Setting up ZFS as a cluster NFS
As a continuation of my series on setting up our cluster, I’d like to describe
our NFS. Inspired by UCLA’s lnxsrv
NFS, which allows users to log in to any
of the many lnxsrv
computers while still having access to the same files, I
decided to use an NFS. Additionally, since I had heard online that ZFS was a
great way to setup a NAS device, and after some quick Googling I found that
ZFS had native first-class support for the NFS protocol, I decided to give it a
shot. In fact, this was a significant justification for why sullivan
runs
FreeBSD, as Linux doesn’t include native kernel support for ZFS.1
Some early precautions about ZFS
Before I start espousing how great ZFS has been, I think it’s worth noting that it may be far from perfect for many use cases. Had I been a little more dilligent in my Googling, I would’ve quickly discovered the one major issue in ZFS’ design that was the source of some headaches when analyzing performance. Namely, ZFS is cache-based, and does NOT support tiered storage. This is not a oversight, but rather an intentional choice in ZFS’ design, which, nevertheless, resulted in behavior which I found unexpected: a mixed pool of spinning and solid state drives may not be utilized in the most effective manor by ZFS. This will be discussed in greater detail later, but I found this behavior confusing enough to warrant placing a disclaimer at the beginning.
Our ZFS configuration
In order to create a filesystem using ZFS, you must first create a ZFS pool.
Just like block devices have partitions, which individually contain filesystems,
ZFS pools contain datasets, which (typically) house filesystems. Similar to LVM,
ZFS pools consist of vdev
s, or virtual devices, which actually store the data.
For the sake of simplicity, we setup one master ZFS pool built from all of our
devices. Because we have the most storage on spinning drives, the pool is formed
of these spinning drives. ZFS has built-in support for software RAID, which we
should be using.2 Onto this pool, we create our datasets, namely /home
,
which we will setup as an NFS mounted on each of our other servers. However, if
we were to mount the filesystem just like this, it would be quite slow, limited
by the read and write speed of the spinning rust. Fortunately, the folks that
wrote ZFS thought of this, and implemented an Adaptive Replacement Cache (ARC)

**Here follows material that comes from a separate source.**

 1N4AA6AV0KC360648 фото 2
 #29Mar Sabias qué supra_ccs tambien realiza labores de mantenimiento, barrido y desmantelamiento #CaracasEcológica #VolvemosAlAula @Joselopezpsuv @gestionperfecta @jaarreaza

in RAM to allievate some of the read speed concerns. However, since we had plenty
of extra SSDs to use, we setup L2ARC (ie. Level 2 ARC) on one of them, which
expands the cache to our SSDs as well. This allievates some of our read-speed
concerns, although we will discuss some of the issues with this design later.
Once we mount our dataset as an NFS device, everything seems to be working great,
until we try a git checkout
! While we’ve fixed some of our read-speed issues,
writing to our filesystem is still limited by the speed of the spinning drives.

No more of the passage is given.